There are 31 recipients of the Rome Prize this year. Each one will receive a stipend, workspace, and room and board at the Academy’s eleven-acre campus on the Janiculum Hill in Rome, starting in September 2024. The stipend is $16,000 for a half-term (five months) and $30,000 for a full-term period of work in residence (10 months).
The Rome Prize is awarded in eleven disciplines: ancient studies, architecture, design, historic preservation and conservation, landscape architecture, literature, medieval studies, modern Italian studies, music composition, Renaissance and early modern studies, and visual arts.
This year’s awardees were selected from a record-high 1,106 applications from applicants in 46 states, Washington, DC, and Puerto Rico.
“The Rome Prize is one of the most storied fellowship programs in the United States,” said AAR President Peter N. Miller, in a news release. “Over a thousand people compete for the chance to live and work in Rome, inspired by the city and one another. The Rome Prize winners represent a bridge between the United States and Italy, but also between a present of potential and a future of achievement.”
This year’s recipients in each category are:
Brigitte A. Keslinke, University of Pennsylvania; Emily C. Mitchell, Harvard University; Vassiliki Panoussi, College of William and Mary; Crystal Rosenthal, University of Texas at Austin; Dennis E. Trout, University of Missouri, Columbia.
Michelle JaJa Chang, Harvard University Graduate School of Design; David Costanza, Cornell University.
Amy Revier, Austin, Texas.
Katherine L. Beaty, Weissman Preservation Center, Harvard Library; Krupali Krusche, University of Notre Dame.
Anthony Acciavatti, Yale University; Megumi Aihara and Dan Spiegel, The Spiegel Aihara Workshop, San Francisco; University of California, Berkeley (Spiegel).
Selby Wynn Schwart, San Francisco; Jacob Shores-Argüello, Baylor University.
Claire Dillon, Columbia University; Craig Perry, Emory University.

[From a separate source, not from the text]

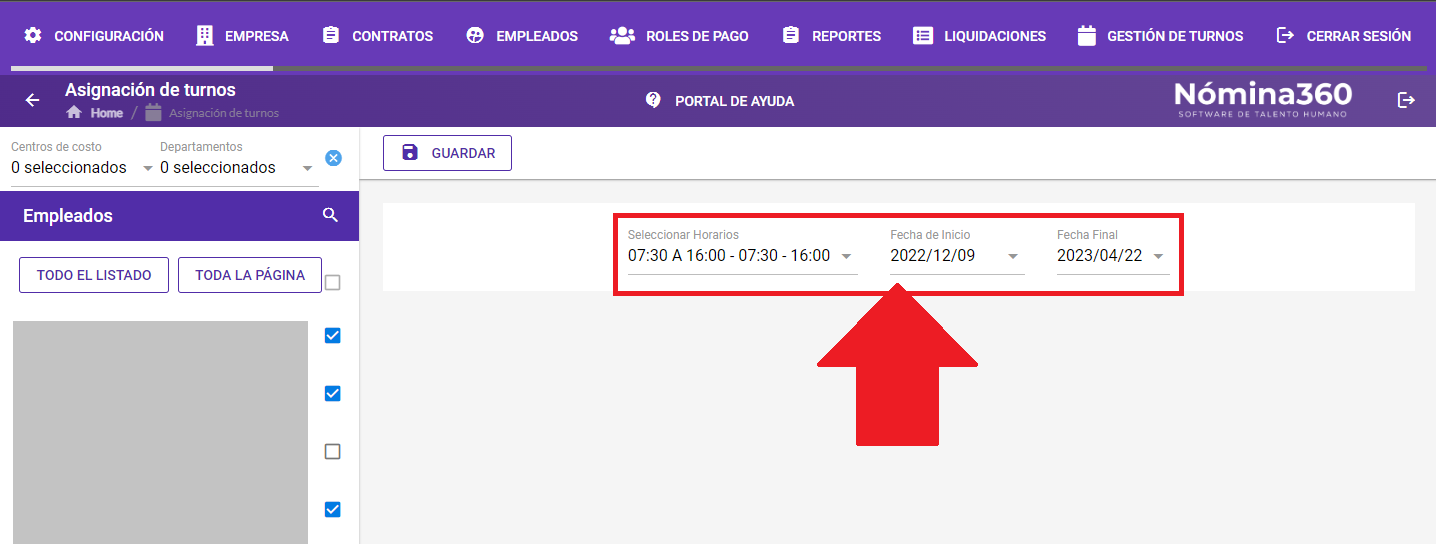 Formulario con turno, fecha de inicio y fecha final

Carol E. Harrison, University of South Carolina; Lucas R. Ramos, Columbia University; Giancarlo Tursi, University of California, Santa Barbara.
Jonah Nuoja Luo Haven, Harvard University; Jen Shyu, Mutual Mentorship for Musicians (M³), Brooklyn.

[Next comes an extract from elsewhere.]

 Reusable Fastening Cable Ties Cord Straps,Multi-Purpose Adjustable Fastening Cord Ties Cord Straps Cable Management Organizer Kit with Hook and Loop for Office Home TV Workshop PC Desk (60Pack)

Julia Rose Katz, Rutgers University; Shannah Rose, New York University: Jenny Lin, University of Southern California, is the winner of the Tsao Family Rome Prize.
Lex Brown, Lewis Center for the Arts at Princeton University; Matthew Connors, Massachusetts College of Art and Design; Devon Dikeou, Curator and Cofounder of the Dikeou Collection; Nona Faustine, Brooklyn; Richard Mosse, New York; Sheila Pepe, Brooklyn.
In addition to the 31 Rome Prize winners, the Academy awarded three Italian Fellowships for Italian artists and scholars to live and work in the Academy with their American counterparts. Those winners are architect Giuseppe Grant, composer Daria Scia and postdoctoral researcher Eugenio Villa.
In addition, Kimmah M. Dennis of the Art Institute of Chicago was named the recipient of the Terra Foundation Affiliated Fellowship for a Chicago-Based Visual Artist.
Founded in 1894 under the leadership of American architect Charles F. McKim, the American Academy in Rome was chartered by an Act of Congress in 1905. In addition to McKim, other early supporters included Harvard College, The Carnegie Foundation, J.P. Morgan, The Rockefeller Foundation, and William K. Vanderbilt. The academy is supported today by private donations from individuals and foundations and by grants from the National Endowment for the Arts and the National Endowment for the Humanities.
Since its founding the American Academy of Rome has served as a center for research and creativity, allowing its residents to immerse themselves in the experience of Rome and be enriched by fellow members. Residents and fellows of the Academy have received 622 Guggenheim Fellowships, 74 Pulitzer Prizes, 53 MacArthur Fellowships, 26 Grammy awards, 5 Pritzker Prizes, 9 Poet Laureate appointments, and 5 Nobel Prizes.